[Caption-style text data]
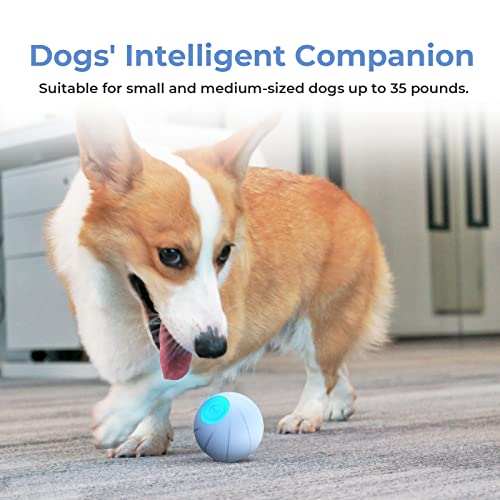 Cheerble Smart Interactive Dog Toy Ball, Automatic Moving Bouncing Rolling Ball for Small Medium Breeds Dogs, Durable Natural Rubber, Wicked Ball SE, Blue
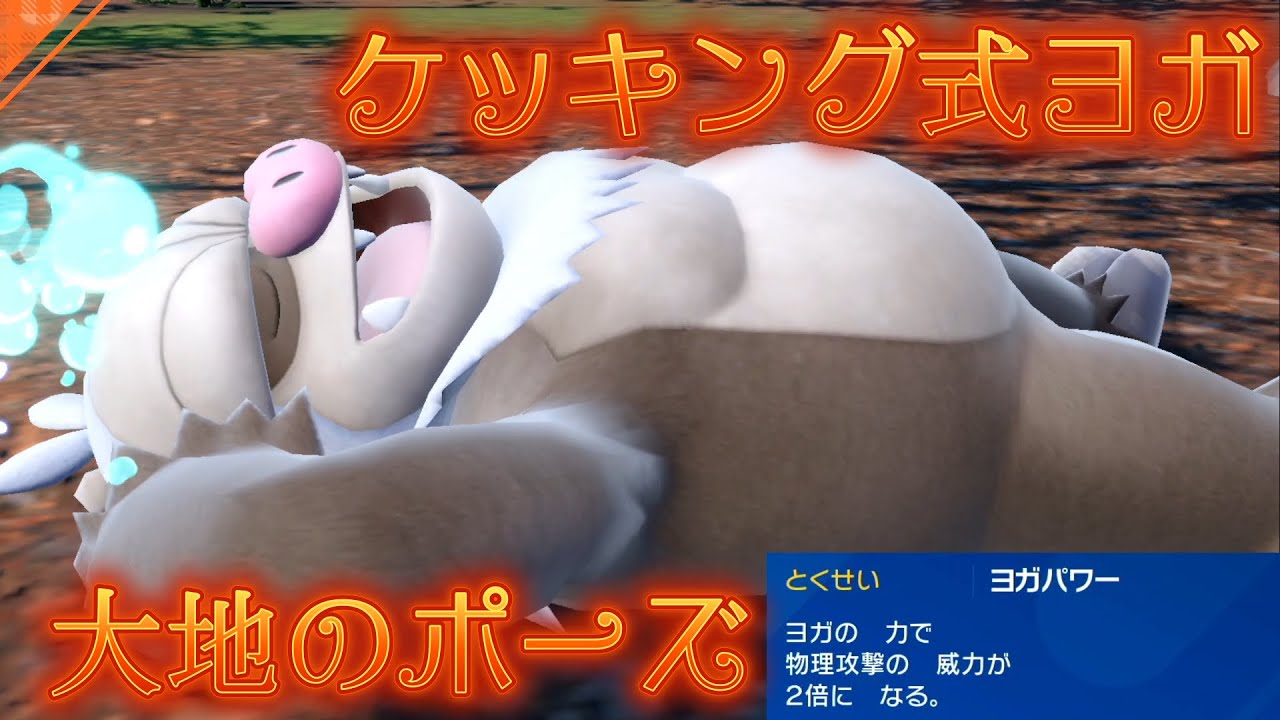 【初めての】ヨガパワーケッキングの可能性を信じろ【ダブルバトル】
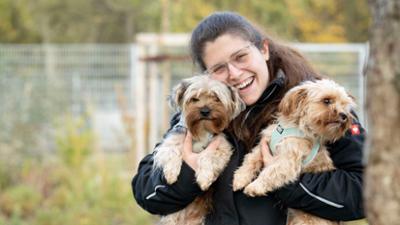 Hallo Tierheim!: 23 gerettete Yorkshire-Terrier – Tierheim Bergheim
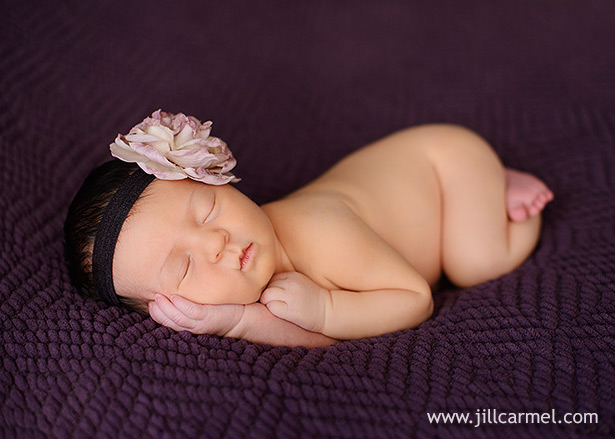 flower headband on purple blanket newborn portrait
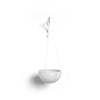 Hanging Brussels Small Bowl Planter - 10.5 in x 10.5 in x 5 in - Pure White - Pure White,10.5 in x 10.5 in x 5 in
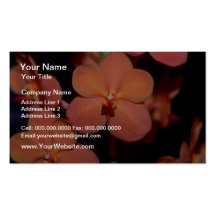 Orange Vanda flowers Business Cards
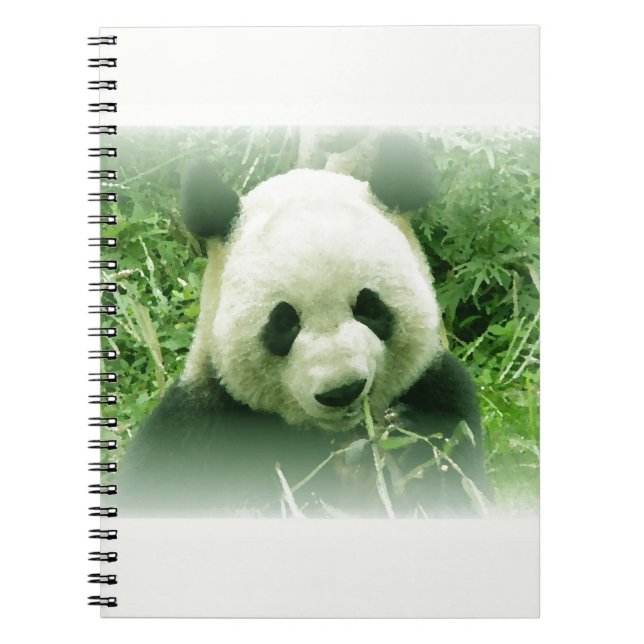 Panda Spiral Notebook (Front)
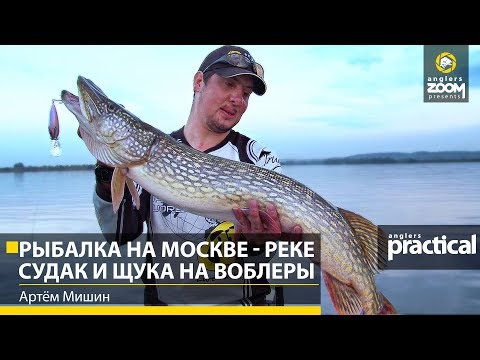 Видео: Рыбалка на Москве - реке. Судак и щука на воблеры. Артем Мишин. Anglers Practical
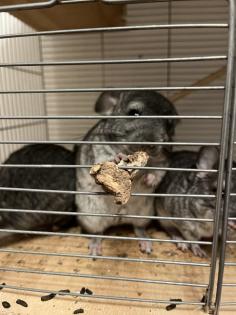 Chinchilla Babys, Weibchen und Männchen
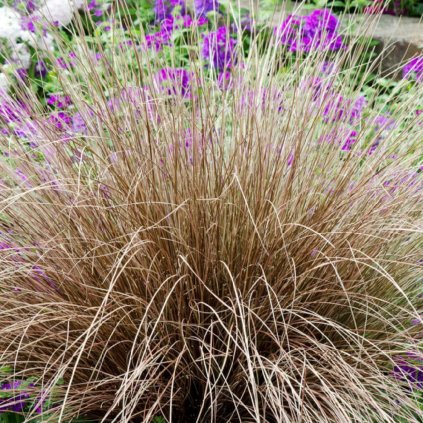 Ostrica chocholatá ´BRONCO´ ™, v črepníku 1l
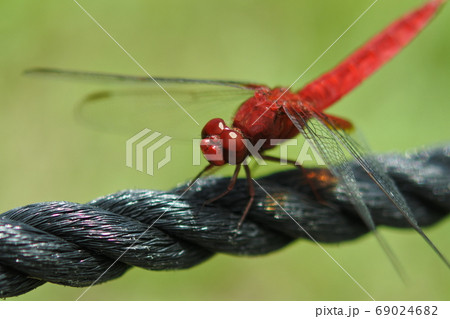 トンボのいる風景の写真素材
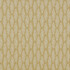 Image of Fernia mustard by iLiv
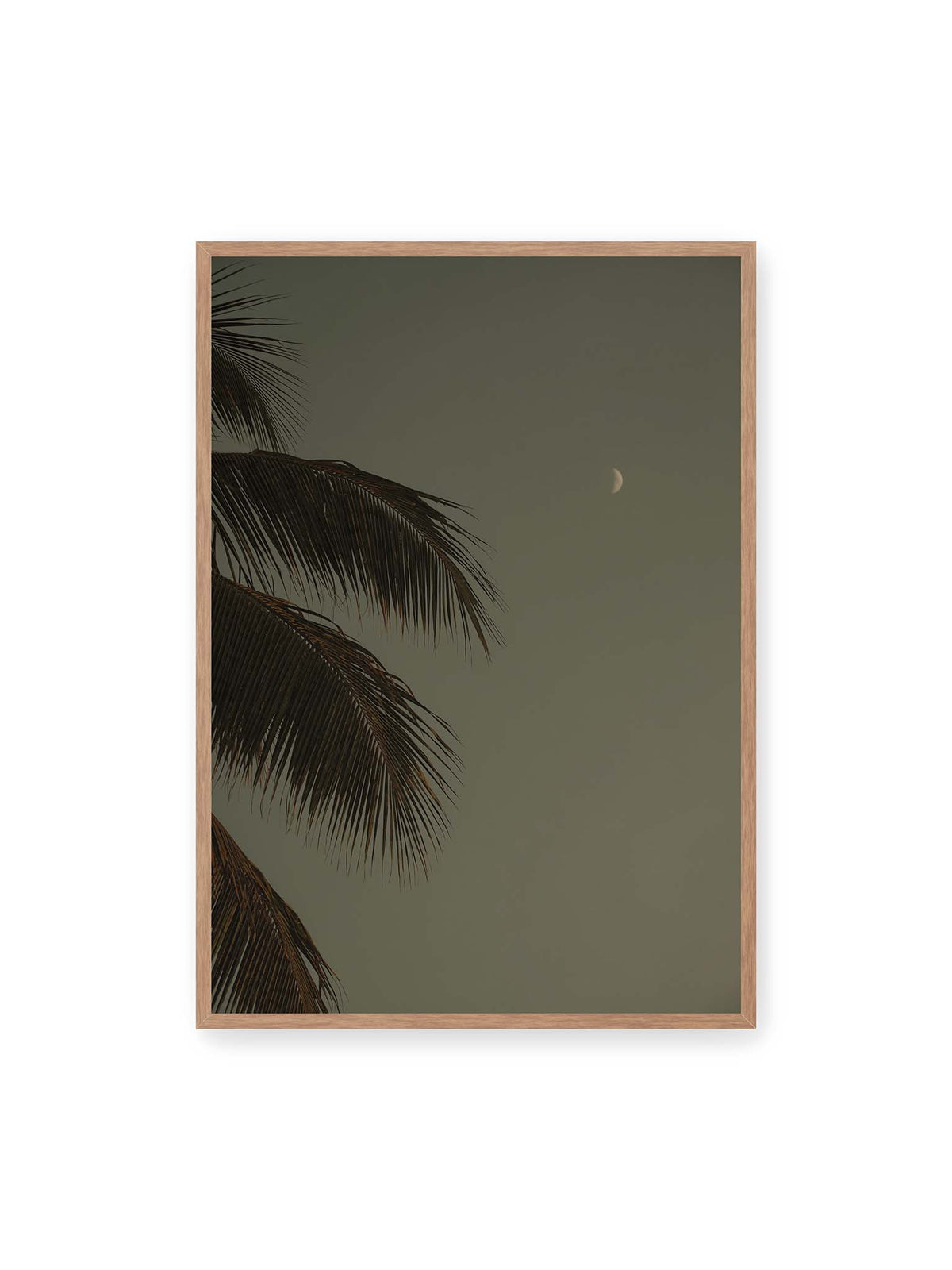 70x100 cm, Eichenrahmen – Schmale Mondsichel in gedämpftem Himmel, eingerahmt von dunklen Palmwedeln am linken Bildrand.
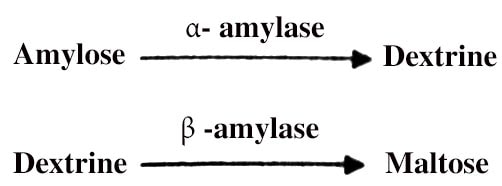 Amylase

Exercise aim: Reproduce exactly, and only, the lines that begin at the one containing "Hanging Brussels Small" and end with the final line of the data, both included, while omitting every picture.

Expected answer:
 Hanging Brussels Small Bowl Planter - 10.5 in x 10.5 in x 5 in - Pure White - Pure White,10.5 in x 10.5 in x 5 in
 Orange Vanda flowers Business Cards
 Panda Spiral Notebook (Front)
 Видео: Рыбалка на Москве - реке. Судак и щука на воблеры. Артем Мишин. Anglers Practical
 Chinchilla Babys, Weibchen und Männchen
 Ostrica chocholatá ´BRONCO´ ™, v črepníku 1l
 トンボのいる風景の写真素材
 Image of Fernia mustard by iLiv
 70x100 cm, Eichenrahmen – Schmale Mondsichel in gedämpftem Himmel, eingerahmt von dunklen Palmwedeln am linken Bildrand.
 Amylase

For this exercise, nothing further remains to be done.